Section: Research Program
Programming Support
We pursue two main research directions relative to new programming support: first, developing new programming models with appropriate support in existing languages (libraries, embedded DSLs, etc.) and, second, providing new means for deployment and reconfiguration in geo-distributed ICT environments, principally supporting the mapping of software onto the infrastructure. For both directions two levels of challenges are considered. On the one hand, the generic level refers to efforts on programming support that can be applied to any kind of distributed software, application or system. On this level, contributions could thus be applied to any of the three layers addressed by STACK (i.e., system, middleware or application). On the other hand, the corresponding generic programming means may not be appropriate in practice (e.g., requirements for more dedicated support, performance constraints, etc.), even if they may lead to interesting general properties. For this reason, a specific level is also considered. This level could be based on the generic one but addresses specific cases or domains.
Programming Models and Languages Extensions
The current landscape of programming support for cloud applications is fragmented. This fragmentation is based on apparently different needs for various kinds of applications, in particular, web-based, computation-based, focusing on the organization of the computation, and data-based applications, within the last case a quite strong dichotomy between applications considering data as sets or relations, close to traditional database applications and applications considering data as real-time streams. This has led to various programming models, in a loose sense, including for instance microservices, graph processing, dataflows, streams, etc. These programming models have mostly been offered to the application programmer in the guise of frameworks, each offering subtle variants of the programming models with various implementation decisions favoring particular application and infrastructure settings. Whereas most frameworks are dedicated to a given programming model, e.g., basic Pregel [82], Hive [97], Hadoop [98], some of them are more general-purpose through the provision of several programming models, e.g., Flink [46] and Spark [79]. Finally, some dedicated language support has been considered for some models (e.g., the language SPL underlying IBM Streams [74]) as well as core languages and calculi (e.g., [43], [92]).
This situation raises a number of challenges on its own, related to a better structuring of the landscape.
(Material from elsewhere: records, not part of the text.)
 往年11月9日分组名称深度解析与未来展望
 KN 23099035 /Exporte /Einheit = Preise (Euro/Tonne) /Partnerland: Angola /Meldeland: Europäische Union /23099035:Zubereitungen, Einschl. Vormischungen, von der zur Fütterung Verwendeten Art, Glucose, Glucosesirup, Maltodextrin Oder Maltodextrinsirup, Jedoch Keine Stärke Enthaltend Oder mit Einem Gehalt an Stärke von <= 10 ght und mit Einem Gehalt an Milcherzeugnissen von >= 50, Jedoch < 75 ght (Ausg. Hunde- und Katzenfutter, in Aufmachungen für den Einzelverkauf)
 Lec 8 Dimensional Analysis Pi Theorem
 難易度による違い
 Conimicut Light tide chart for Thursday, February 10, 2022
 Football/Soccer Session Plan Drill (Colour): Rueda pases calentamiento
It is necessary to better understand the various programming models and their possible relations, with the aim of facilitating, if not their complete integration, at least their composition, at the conceptual level but also with respect to their implementations, as specific languages and frameworks.
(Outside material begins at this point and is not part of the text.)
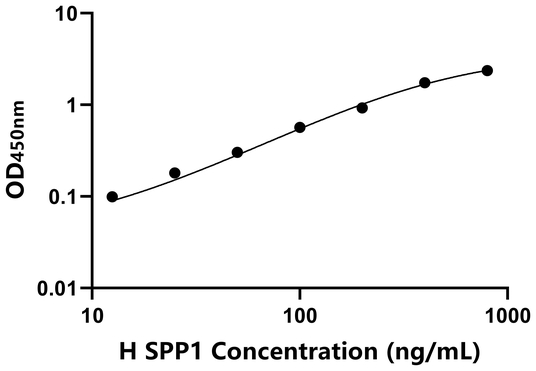 SPP1 ELISA KIT / 人分泌型磷蛋白1 ELISA试剂盒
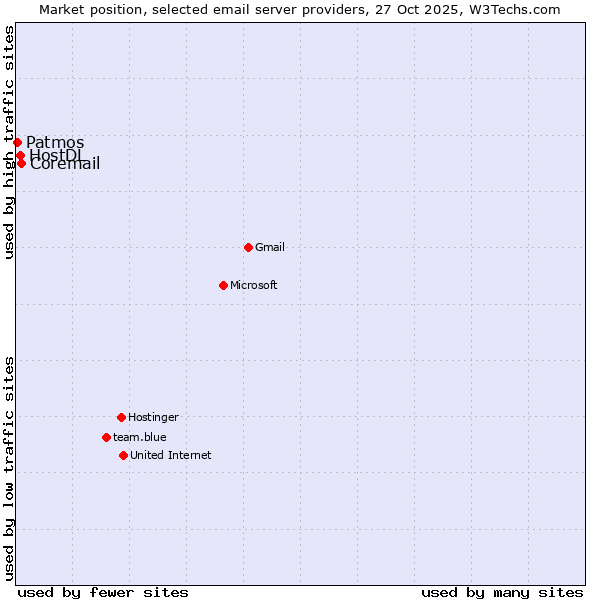 Market position of Coremail vs. HostDL vs. Patmos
Switching to massively geo-distributed infrastructures adds to these challenges by leading to a new range of applications (e.g., smart-* applications) that, by nature, require mixing these various programming models, together with a much more dynamic management of their runtime.
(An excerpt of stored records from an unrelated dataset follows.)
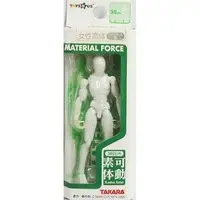 Figure - Microman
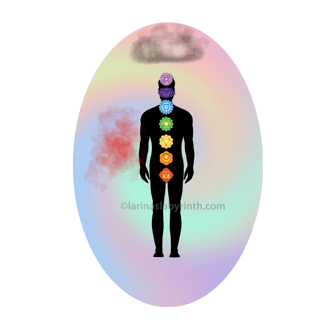 aura scan, interpreting the aura, colours in the aura, color, aura layers, black cloud in the aura. 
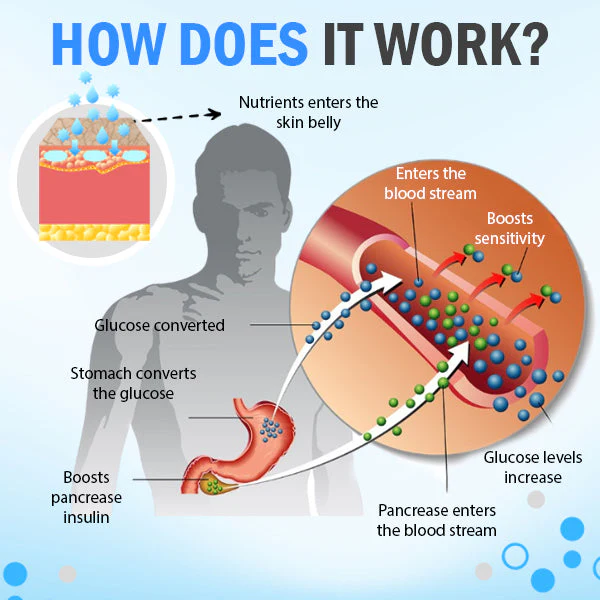 AEXZR® Sugar Down Massage Oil 3 AEXZR® Sugar Down Massage Oil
In this context, STACK would like to explore two directions:
-
First, we propose to contribute to generic programming models and languages to address composability of different programming models [55]. For example, providing a generic stream data processing model that can operate under both data stream [46] and operation stream [104] modes, thus streams can be processed in micro batches to favour high throughput or record by record to sustain low latency. Software engineering properties such as separation of concerns and composition should help address such challenges [35], [93]. They should also facilitate the software deployment and reconfiguration challenges discussed below.
-
Second, we plan to revise relevant programming models, the associated specific languages, and their implementation according to the massive geo-distribution of the underlying infrastructure, the data sources, and application end-users. For example, although SPL is extensible and distributed, it has been designed to run on multi-cores and clusters [74]. It does not provide the level of dynamicity required by geo-distributed applications (e.g., to handle topology changes, loss of connectivity at the edge, etc.). Moreover, as more network data transfers will happen within a massively geo-distributed infrastructure, correctness of data transfers should be guaranteed. This has potential impact from the programming models to their implementations.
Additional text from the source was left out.